Minggu, 18 Desember 2011

Black Pudding & Apple Sossidge Rolls

I'm not sure why but I associate sossidge rolls most with Christmas. Perhaps it's the decadence of wrapping pork in buttery, fluffy pastry? Or that I mainly make them for parties, most of which occur around Christmas time. I usually try and put a twist on them; mixing the sausagemeat with raw chorizo works well, as did these beauties; black pudding and apple. The black pudding gives it a deeper porky flavour, with the chunks of the Bramley apple bringing out the flavour more and adding some sweetness. I've found that fruit works the best; chunks of soft apricot and apple with some hot smoked paprika also went down a storm.

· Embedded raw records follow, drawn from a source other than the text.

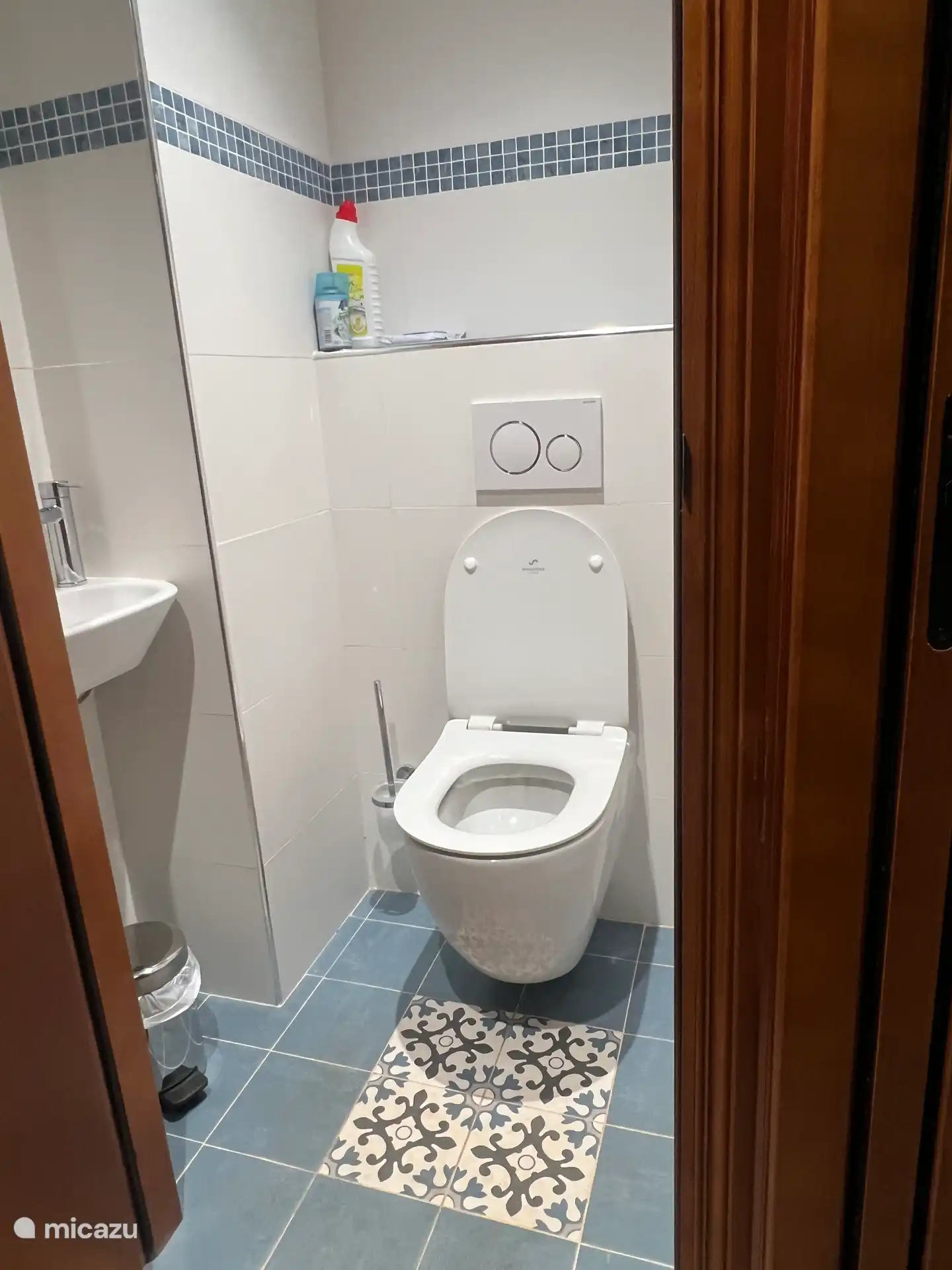 The new WC room next to the bathroom.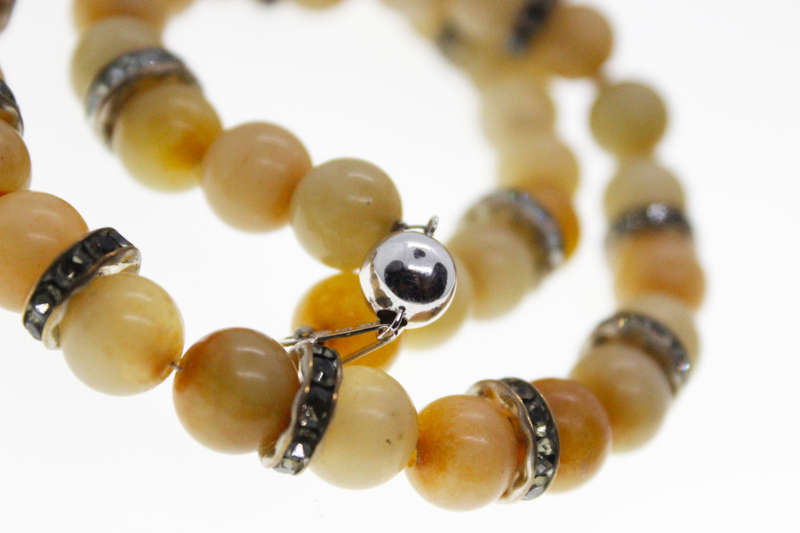 Necklace - Vintage Agate and Carnelian with Diamante Circles inbetween. 14ct 585. - ML2472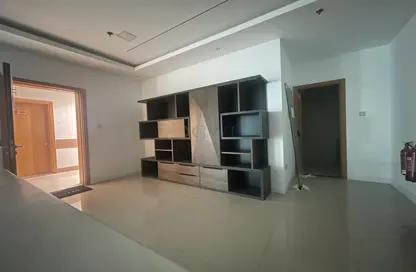 مكتب - استوديو - 2 حمامات للايجار في كابيتال جولدن تاور - الخليج التجاري - دبي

Black Pudding & Apple Sossidge Rolls

Makes shitloads

500gr sausagemeat
2 slices of black pudding
1 small Bramley apple
1 small onion
1 sheet of ready rolled puff pastry, or make your own rough puff
1 egg

Preheat the oven to 200 degrees C. Dice the apple and the onion. Mix with the sausagemeat. Chop the black pudding up finely and then add to the sausagemeat, mixing well again. Slice the sheet of pastry lengthways into three. Add the sausagemeat in a roll down the middle of each sheet and pinch the pastry closed around it.

Slice into bite sized pieces. You can freeze this on a sheet now and bag it later, or brush with egg and bake on a greased tray for 20 - 25 minutes, until golden brown.